Home About Me

Why Impact Factors Fell — and a Different Way to Think About Research Quality

This year’s journal impact factors arrived to an oddly quiet reaction online, as if nothing had happened. The reason is not hard to see: for a large majority of journals, the number went down. Last year almost everyone had good news to celebrate because impact factors rose across the board. This time, the story was decline, and people may enjoy absurd headlines in the abstract, but they are rarely enthusiastic when the bad news touches something tied closely to their own careers.

That said, impact factor swings do not bother me much. The metric was designed to evaluate journals, not people. It is understandable that publishers make a spectacle out of it, but using a journal-level indicator to judge individual researchers never made much sense. Most people who like to say they have published in “high-impact” journals probably do not have papers cited at the average level of those journals. If they did, they would talk about the citation counts of the papers themselves rather than the journal logo.

Still, the broad drop in impact factors does have a real cause, and the pandemic is probably the main one.

How the pandemic inflated journal metrics

Last year’s impact factors were based on citations from 2020 and 2021. During that period, many researchers were stuck at home writing. But the bigger issue lies in how impact factor is calculated: citations divided by citable items. The denominator, the number of articles, is relatively fixed. The numerator, citations, is much easier to inflate.
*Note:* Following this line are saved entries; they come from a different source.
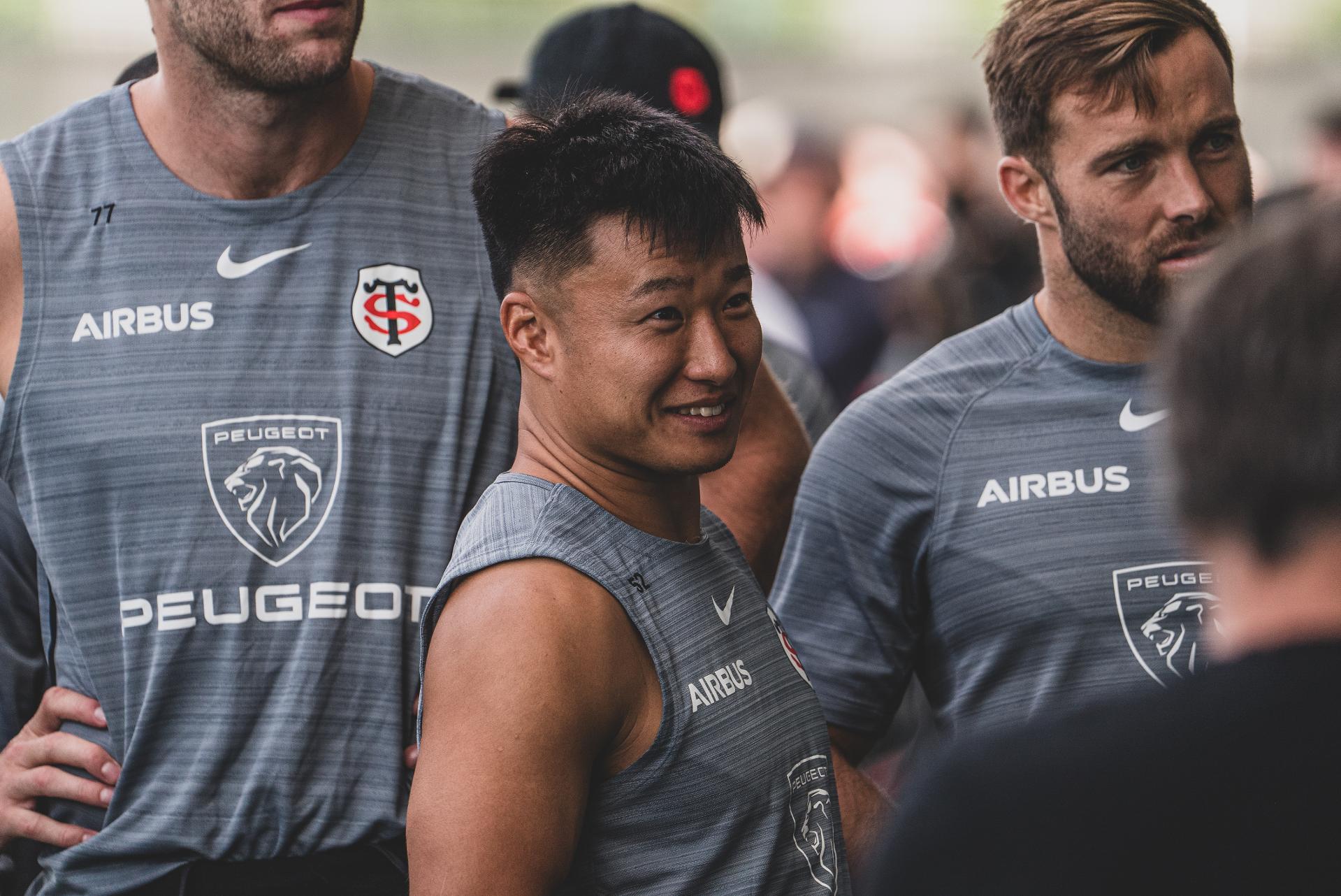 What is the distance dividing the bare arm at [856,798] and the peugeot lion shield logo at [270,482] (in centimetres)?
82

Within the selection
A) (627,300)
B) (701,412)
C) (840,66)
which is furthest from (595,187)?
(840,66)

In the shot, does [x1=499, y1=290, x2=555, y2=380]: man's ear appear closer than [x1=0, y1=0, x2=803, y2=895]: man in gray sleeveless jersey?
Yes

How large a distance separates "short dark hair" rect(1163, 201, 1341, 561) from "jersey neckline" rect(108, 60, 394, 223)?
152 cm

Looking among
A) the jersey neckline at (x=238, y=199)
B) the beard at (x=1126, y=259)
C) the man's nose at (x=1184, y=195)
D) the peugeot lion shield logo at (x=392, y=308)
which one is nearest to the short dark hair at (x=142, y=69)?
the jersey neckline at (x=238, y=199)

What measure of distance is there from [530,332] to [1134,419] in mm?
1013

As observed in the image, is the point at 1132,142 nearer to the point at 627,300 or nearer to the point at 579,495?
the point at 627,300

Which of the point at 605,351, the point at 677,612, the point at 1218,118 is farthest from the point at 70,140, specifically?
the point at 1218,118

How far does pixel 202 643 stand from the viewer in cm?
222

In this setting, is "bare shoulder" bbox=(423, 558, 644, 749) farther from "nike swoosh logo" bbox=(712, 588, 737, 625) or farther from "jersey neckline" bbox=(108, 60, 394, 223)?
"jersey neckline" bbox=(108, 60, 394, 223)

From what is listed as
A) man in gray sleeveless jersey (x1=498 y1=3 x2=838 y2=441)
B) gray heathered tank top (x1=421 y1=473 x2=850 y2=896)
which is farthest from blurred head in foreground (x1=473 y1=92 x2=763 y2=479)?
man in gray sleeveless jersey (x1=498 y1=3 x2=838 y2=441)

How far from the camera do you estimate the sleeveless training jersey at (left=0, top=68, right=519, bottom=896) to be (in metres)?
2.21

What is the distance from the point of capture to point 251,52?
2.23m

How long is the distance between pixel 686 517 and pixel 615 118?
1.71 feet

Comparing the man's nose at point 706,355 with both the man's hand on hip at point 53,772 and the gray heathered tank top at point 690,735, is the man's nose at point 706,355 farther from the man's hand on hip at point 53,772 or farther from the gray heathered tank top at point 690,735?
the man's hand on hip at point 53,772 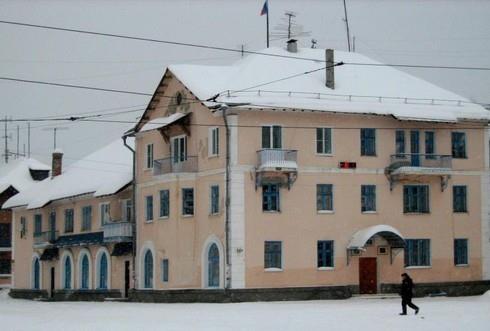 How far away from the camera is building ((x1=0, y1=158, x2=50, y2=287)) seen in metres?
89.1

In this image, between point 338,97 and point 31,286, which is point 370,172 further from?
point 31,286

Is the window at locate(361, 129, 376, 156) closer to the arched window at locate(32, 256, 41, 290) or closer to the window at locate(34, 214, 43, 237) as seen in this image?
the window at locate(34, 214, 43, 237)

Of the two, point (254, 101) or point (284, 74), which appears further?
point (284, 74)

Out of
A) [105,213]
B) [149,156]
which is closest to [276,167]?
[149,156]

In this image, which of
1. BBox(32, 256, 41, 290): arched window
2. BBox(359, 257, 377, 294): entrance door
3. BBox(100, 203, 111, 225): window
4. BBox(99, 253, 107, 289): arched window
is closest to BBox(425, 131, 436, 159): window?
BBox(359, 257, 377, 294): entrance door

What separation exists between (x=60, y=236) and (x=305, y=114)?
2510 centimetres

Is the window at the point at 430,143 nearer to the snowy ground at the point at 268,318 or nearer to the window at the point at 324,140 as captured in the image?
the window at the point at 324,140

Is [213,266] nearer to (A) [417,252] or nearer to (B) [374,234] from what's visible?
(B) [374,234]

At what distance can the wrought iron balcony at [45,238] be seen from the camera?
70875 millimetres

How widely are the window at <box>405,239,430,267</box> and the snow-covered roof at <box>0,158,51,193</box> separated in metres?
45.4

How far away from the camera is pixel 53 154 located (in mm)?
77625

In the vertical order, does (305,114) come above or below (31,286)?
above

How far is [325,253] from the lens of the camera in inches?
2052

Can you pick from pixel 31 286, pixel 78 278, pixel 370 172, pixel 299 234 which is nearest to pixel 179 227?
pixel 299 234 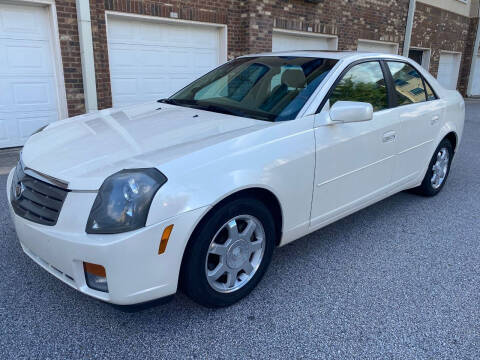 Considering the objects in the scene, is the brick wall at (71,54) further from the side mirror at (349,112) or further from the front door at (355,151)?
the side mirror at (349,112)

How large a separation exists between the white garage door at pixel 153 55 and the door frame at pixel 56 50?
0.89m

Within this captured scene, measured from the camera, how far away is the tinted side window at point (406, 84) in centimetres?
376

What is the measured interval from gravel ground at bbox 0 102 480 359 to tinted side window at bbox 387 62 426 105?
1.34 metres

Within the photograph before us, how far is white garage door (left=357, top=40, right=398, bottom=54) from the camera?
12492 millimetres

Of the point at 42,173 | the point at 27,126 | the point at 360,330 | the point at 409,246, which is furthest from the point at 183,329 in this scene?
the point at 27,126

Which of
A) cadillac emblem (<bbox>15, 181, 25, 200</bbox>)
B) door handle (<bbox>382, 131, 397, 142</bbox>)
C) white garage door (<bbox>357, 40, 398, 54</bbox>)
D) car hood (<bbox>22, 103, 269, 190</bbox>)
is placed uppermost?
white garage door (<bbox>357, 40, 398, 54</bbox>)

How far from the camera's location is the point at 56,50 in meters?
6.65

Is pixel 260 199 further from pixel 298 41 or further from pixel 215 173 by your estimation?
pixel 298 41

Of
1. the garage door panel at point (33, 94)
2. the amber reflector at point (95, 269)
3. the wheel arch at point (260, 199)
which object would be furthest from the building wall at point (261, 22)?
the amber reflector at point (95, 269)

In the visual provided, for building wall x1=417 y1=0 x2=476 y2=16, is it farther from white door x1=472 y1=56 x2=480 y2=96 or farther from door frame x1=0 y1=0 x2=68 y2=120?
door frame x1=0 y1=0 x2=68 y2=120

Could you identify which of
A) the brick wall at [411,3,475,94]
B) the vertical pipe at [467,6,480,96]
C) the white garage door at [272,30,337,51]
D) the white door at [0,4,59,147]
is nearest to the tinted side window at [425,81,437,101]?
the white door at [0,4,59,147]

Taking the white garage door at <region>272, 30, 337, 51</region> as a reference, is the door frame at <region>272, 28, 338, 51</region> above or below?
above

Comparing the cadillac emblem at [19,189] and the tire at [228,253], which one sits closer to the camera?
the tire at [228,253]

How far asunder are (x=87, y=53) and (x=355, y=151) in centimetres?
535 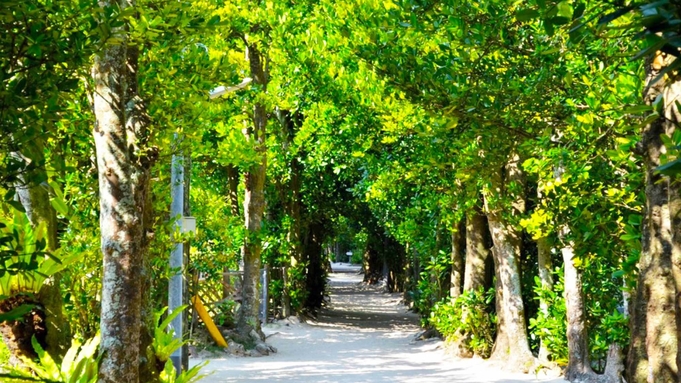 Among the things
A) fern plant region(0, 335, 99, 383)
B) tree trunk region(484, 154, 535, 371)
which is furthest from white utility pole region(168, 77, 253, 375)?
tree trunk region(484, 154, 535, 371)

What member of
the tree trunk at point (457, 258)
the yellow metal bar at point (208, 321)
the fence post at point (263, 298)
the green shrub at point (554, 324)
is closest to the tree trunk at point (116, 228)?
the green shrub at point (554, 324)

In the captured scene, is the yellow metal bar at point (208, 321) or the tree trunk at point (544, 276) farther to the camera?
the yellow metal bar at point (208, 321)

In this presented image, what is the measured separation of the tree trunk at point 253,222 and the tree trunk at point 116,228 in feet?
41.6

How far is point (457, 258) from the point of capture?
20859 millimetres

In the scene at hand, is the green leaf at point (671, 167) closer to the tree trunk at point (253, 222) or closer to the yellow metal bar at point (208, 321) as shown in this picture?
the yellow metal bar at point (208, 321)

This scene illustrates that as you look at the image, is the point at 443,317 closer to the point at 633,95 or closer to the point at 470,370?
the point at 470,370

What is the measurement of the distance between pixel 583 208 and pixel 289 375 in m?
10.3

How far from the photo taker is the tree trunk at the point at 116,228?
24.5 ft

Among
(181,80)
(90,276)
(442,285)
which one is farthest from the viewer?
(442,285)

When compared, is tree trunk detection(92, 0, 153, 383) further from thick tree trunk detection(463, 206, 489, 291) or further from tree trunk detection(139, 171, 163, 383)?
thick tree trunk detection(463, 206, 489, 291)

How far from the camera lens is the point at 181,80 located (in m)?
8.83

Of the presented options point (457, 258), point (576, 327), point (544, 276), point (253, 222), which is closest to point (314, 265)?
point (253, 222)

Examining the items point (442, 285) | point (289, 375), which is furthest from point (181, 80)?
point (442, 285)

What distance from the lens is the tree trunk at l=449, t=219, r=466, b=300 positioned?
2040 cm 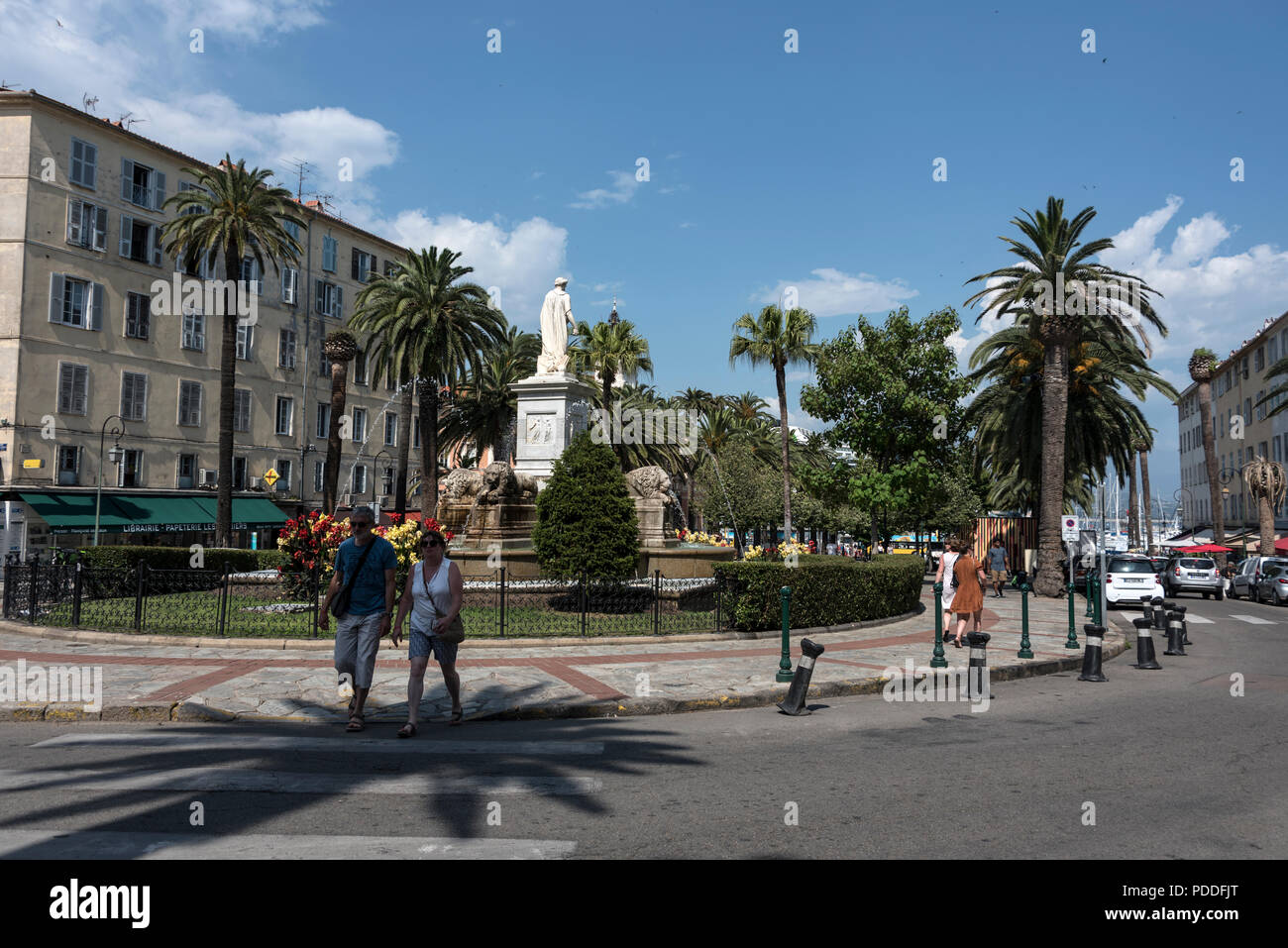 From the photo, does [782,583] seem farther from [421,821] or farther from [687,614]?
[421,821]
One common way to do that is through non-peer-reviewed formats such as editorials, news pieces, or “research highlights” that introduce recently published work and cite it immediately. The biggest general-interest journals have done this for a long time, and many smaller journals have copied the tactic. In practice, if a paper appears in a major journal and that same issue includes a short feature discussing it, the paper can pick up a citation almost instantly.

Normally this mechanism mostly contributes a limited amount of self-citation. But COVID changed the scale completely. In a very short time, tens of thousands of COVID-related papers and preprints appeared. Governments also poured money into research in order to accelerate development. The result was a huge wave of pandemic-related studies in 2020 and 2021, followed by intense media attention and journal coverage. Many of the outlets amplifying this work were broad-scope journals.

Suppose a COVID paper cites 30 or 40 references, while the paper itself receives only 3 or 4 citations after publication, which is not an unreasonable average for a normal article. That paper has effectively injected 30 or 40 outgoing citations into the literature while contributing very little incoming citation value of its own. Most of those references point toward established mid- to high-tier journals. Under those conditions, the impact factors of mid- and upper-level journals were bound to rise. And that is exactly what happened last year, especially in biology and biomedical journals touched by COVID research.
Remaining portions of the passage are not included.